## BUSINESS UNDERSTANDING
The task is to build a reccomendtion system for a movies platform- MOVIES101
The goal is to enhance user engagement by offering personalized movie recommendations. 
This can be approached using these three key methods:

Collaborative Filtering:

User-Based: Suggests movies by finding users with similar tastes and recommending content they've enjoyed.
Item-Based: Recommend movies based on the similarity between movies the user has already watched.
Matrix Factorization: Use techniques like Singular Value Decomposition (SVD) to uncover hidden patterns in user-movie interactions, helping to recommend movies based on these learned patterns.

Content-Based Filtering:

Focuses on the attributes of movies (such as genres, actors, and directors) to recommend content similar to what the user has liked in the past. Methods like TF-IDF (term frequency-inverse document frequency) can help analyze textual data like descriptions or tags associated with the movies.

Hybrid Methods:

Combines collaborative and content-based filtering to create a more comprehensive recommendation system. This approach can balance the strengths of both methods, ensuring users receive diverse and relevant movie suggestions.

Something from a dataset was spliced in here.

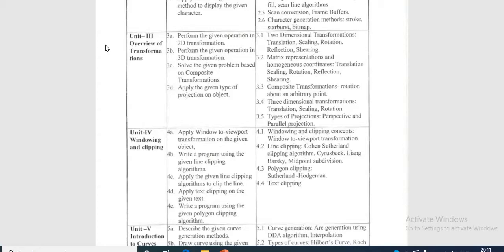Hello everyone. In this session we start chapter number 3, that is Overview of Transformations. In this chapter, basically a graphic system must allow the user to change the way the object appears. In this overview of transformations chapter we learn the concept of two-dimensional transformation.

By leveraging these strategies, MOVIE101 can deliver personalized recommendations that boost user satisfaction and increase viewing time.

## OBJECTIVES
1. Build a Model for Top 5 Recommendations:

-Use collaborative filtering (e.g., matrix factorization techniques like SVD) or deep learning models (e.g., neural collaborative filtering) to predict the ratings a user would give to movies.

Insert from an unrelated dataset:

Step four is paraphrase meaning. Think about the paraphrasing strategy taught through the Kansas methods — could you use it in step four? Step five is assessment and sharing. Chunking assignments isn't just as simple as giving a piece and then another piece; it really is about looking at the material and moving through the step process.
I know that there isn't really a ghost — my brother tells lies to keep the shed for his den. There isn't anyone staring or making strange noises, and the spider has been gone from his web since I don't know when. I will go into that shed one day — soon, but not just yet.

-Sort the predicted ratings for each user and recommend the top 5 movies that have not been watched yet.

2. Tackle the Cold Start Issue for New Users:

-Content-Based Recommendations: For new users, recommend movies based on their stated preferences (e.g., genre, actors) by using content-based filtering.

-Popular Movies: Suggest currently trending or highly rated movies as initial recommendations until the system gathers more user data.

-Hybrid Approach: Combine popular and content-based recommendations to ensure relevancy when user data is scarce.

3. Improve Precision and Relevance:

-Implement a Hybrid Recommendation System combining both collaborative and content-based filtering to deliver more personalized suggestions.

-Use advanced models like Factorization Machines or Autoencoders to capture complex interactions between users and items for more precise recommendations.

4. Evaluate the System’s Performance:

-Use Root Mean Squared Error (RMSE) to evaluate the accuracy of predicted ratings compared to actual user ratings.

-Additionally, evaluate performance using Precision@K, Recall@K, and F1 Score to measure how relevant and precise the top 5 recommendations are.

5. Feedback Mechanism:

-Implement a feature that allows users to rate the recommendations they receive.

-Use this feedback to adjust the model, such as by reweighting similar movies or users based on the user's rating patterns, refining future recommendations.

## DATA UNDERSTANDING
### DATA SOURCES
The project utilizes the MovieLens dataset (https://grouplens.org/datasets/movielens/latest/) from the GroupLens research lab at the University of Minnesota. Given the constraints on computational resources, we're working with the "small" dataset, which includes 100,000 user ratings.

### DATA DESCRIPTION
There are a number of csv files available with different columns in the Data file. 


movies.csv

movieId - Unique identifier for each movie.

title - The movie titles.

genre - The various genres a movie falls into.


ratings.csv

userId - Unique identifier for each user

movieId - Unique identifier for each movie.

rating - A value between 0 to 5 that a user rates a movie on. 5 is the highest while 0 is the lowest rating.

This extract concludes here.